As std::function is kind of verbose and not very idiomatic in C++ when you want to pass functions around. I'll try to use C++11 lambdas initially. I want to stay away from generic lambdas because argument and return types are kinda important. In generic lambdas, however, it's impossible to find their argument and return types without knowing an actual argument or its type. Note that in compose function we have access to functions only and no arguments.

Lets rewrite compose to accepts lambdas.
template <class F, class G>
auto compose(F&& f, G&& g)
{
  using ArgType    = detail::arg_type_t<F>;
  using ResultType = detail::result_type_t<G>;  
  return [f,g](ArgType a) -> ResultType { return g(f(a)); };
}
F and G are generic arguments, which we expect to be non-generic lambdas. We extract the argument type of F and result type of G and return a composition of two lambdas satisfying the type signature.

This implementation is not very idiomatic. Extracting the argument and return types of functions in this style is falling out of favor. std::function::argument_type and std::function::result_type have been deprecated in C++17. A more idiomatic way would have been to return a generic lambda without bothering the argument type. C++ clearly wants to favor duck-typing at compile-time. Until we've concepts in the language, of course.

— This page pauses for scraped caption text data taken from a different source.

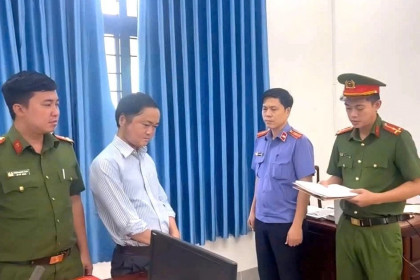 Bắt giam một cán bộ xã chiếm đoạt tiền của người dân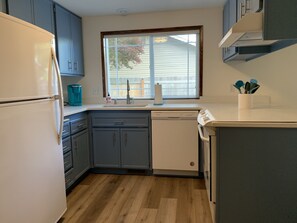 Jääkaappi, mikroaaltouuni, uuni, liesi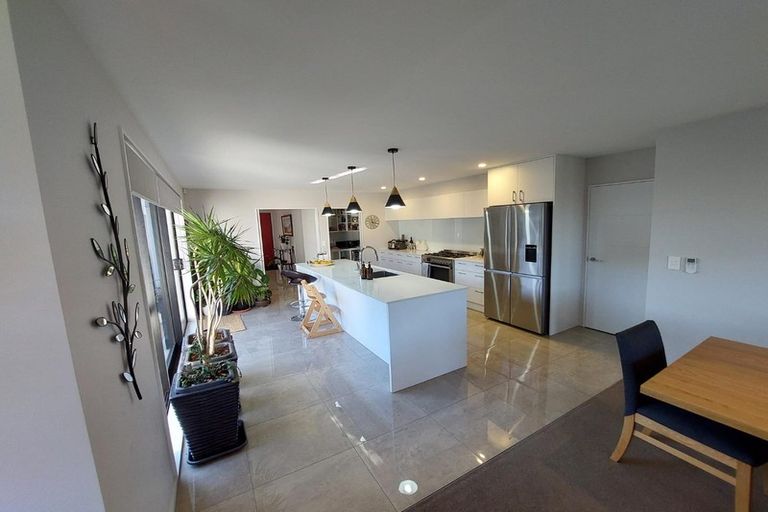 Photo of property in 15 Country Palms Drive, Halswell, Christchurch, 8025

I'll skip the implementation of the detail namespace. It's in the same vein as this stackoverflow answer.

Folding Functions

Folding functions is a generalization of function composition applied to fold expressions. First, we need to pick up an operator to use fold expressions with. I like >> as it's quite intuitive. Here's the earlier function implemented as an overloaded operator.
template <class F, class G>
auto operator >>(F&& f, G&& g)
{
  using ArgType    = detail::arg_type_t<F>;
  using ResultType = detail::result_type_t<G>;  
  return [f,g](ArgType a) -> ResultType { return g(f(a)); };
}
We'll now write a new compose function that uses a fold expression over function types. Of course, it's going to use the overloaded >> operator.
template <class... Funcs>
auto compose(Funcs... funcs)
{
   return (... >> funcs);   
}
The earlier main program will work just fine with this new implementation of compose. It works with lambdas too.
auto to_num = [](std::string s) { return atoi(s.c_str()); };
auto is_even = [](int i) { return i%2==0; };
auto is_str_even_num = compose(to_num, is_even);
std::cout << std::boolalpha << is_str_even_num("1234") << "\n"; // prints true
Interestingly, this compose function works fine with a single argument as it simply returns the argument as discussed in the previous post. It does not work with empty parameter pack however. What could we return when we get an empty parameter pack? In other words what would be the identity for the function type? Well, it's just a function that returns its argument. Let's see it in action using a binary fold.
struct Identity
{
  template <class T>
  T operator()(T&& t) { return std::forward<T>(t); }
};

template <class... Funcs>
auto compose(Funcs... funcs)
{
   return (Identity() >> ... >> funcs);   
}
Only problem, however, is that it does not compile. Not that anything is wrong with binary folds but the overloaded >> for generic functions cannot digest Identity. Identity has a generic function call operator. There's no way to get it's argument_type and result_type without knowing the type of the argument. The compose function does not have it.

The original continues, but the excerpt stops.